─── EXERCISE DATA ───

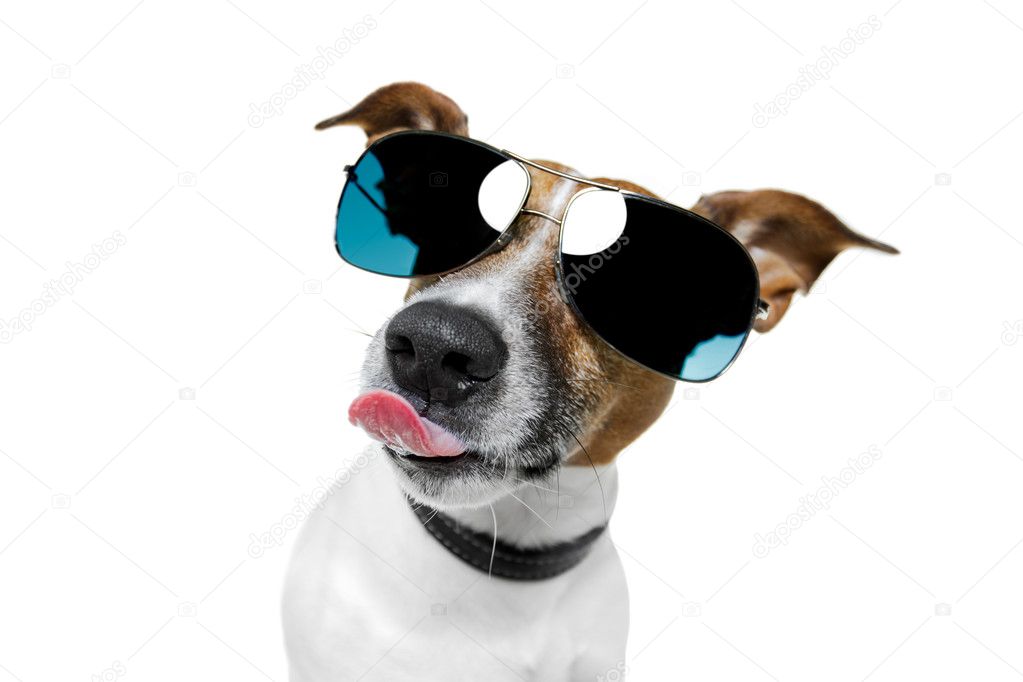 Dog sticking out the tongue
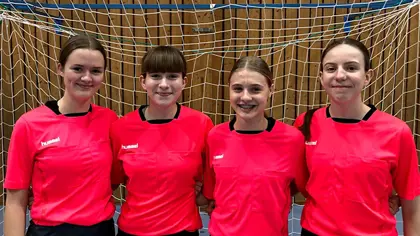 Vil gjerne dømme i Temaserien igjen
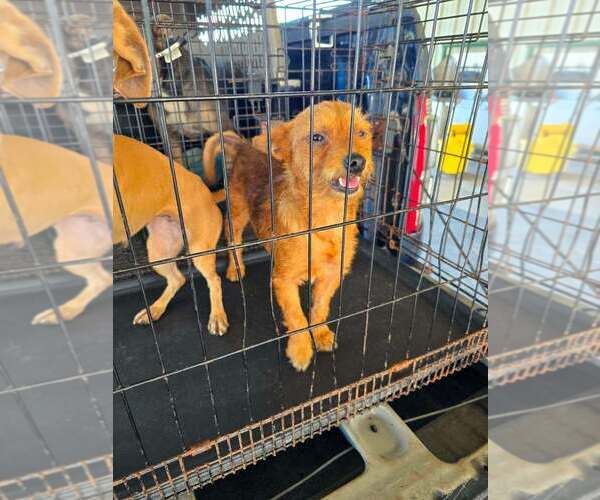 Medium Photo #4 Mutt Puppy For Sale in New York, NY, USA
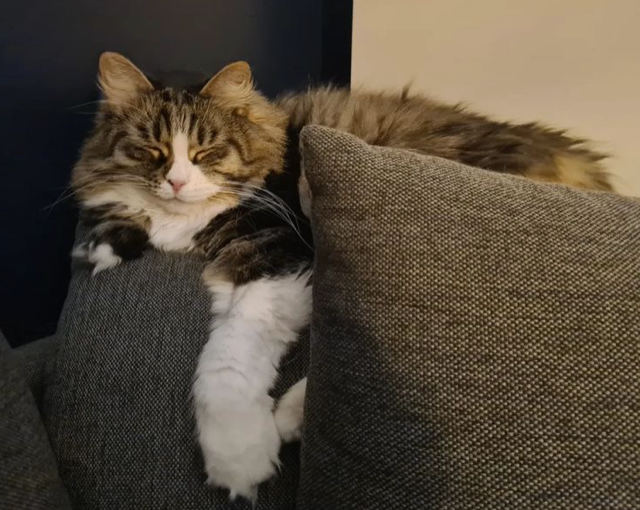 Sibirisk katt Tellus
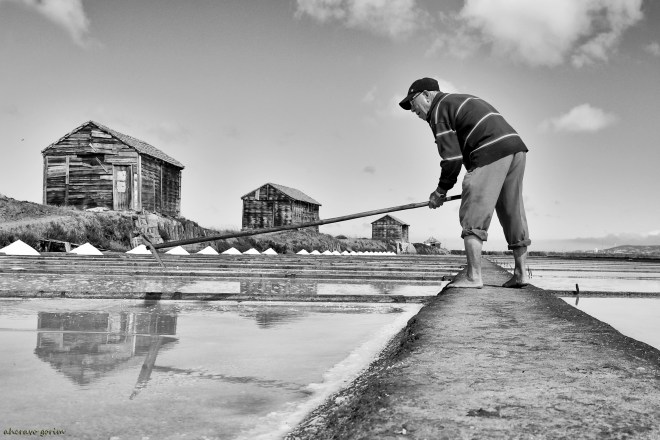 0 ahcravo_DSC_3781 buíça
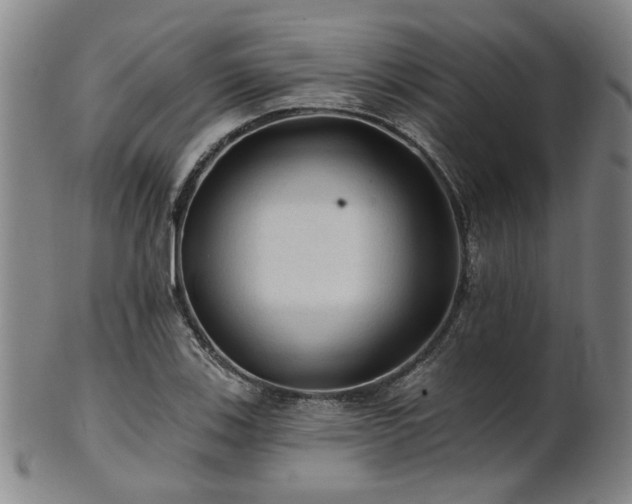 X0000102461123200808081221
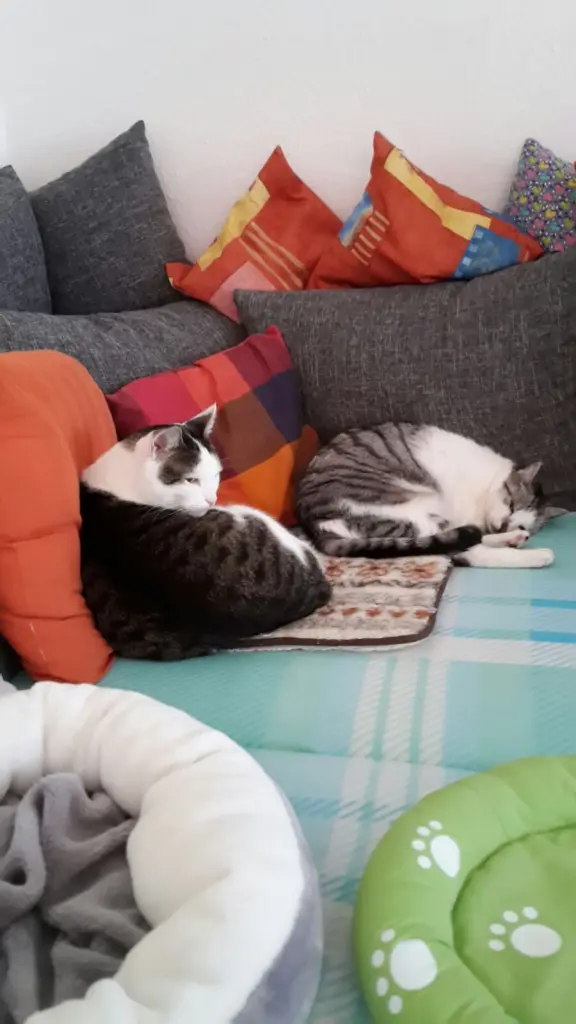 Andachtsbild von ❤Deine Mutti Eike und Oma Edeltraud ❤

───

### DIRECTIONS FOR THIS TASK
With the pictures left out, return the listing above exactly as it stands.

### WRITTEN RESPONSE
 Dog sticking out the tongue
 Vil gjerne dømme i Temaserien igjen
 Medium Photo #4 Mutt Puppy For Sale in New York, NY, USA
 Sibirisk katt Tellus
 0 ahcravo_DSC_3781 buíça
 X0000102461123200808081221
 Andachtsbild von ❤Deine Mutti Eike und Oma Edeltraud ❤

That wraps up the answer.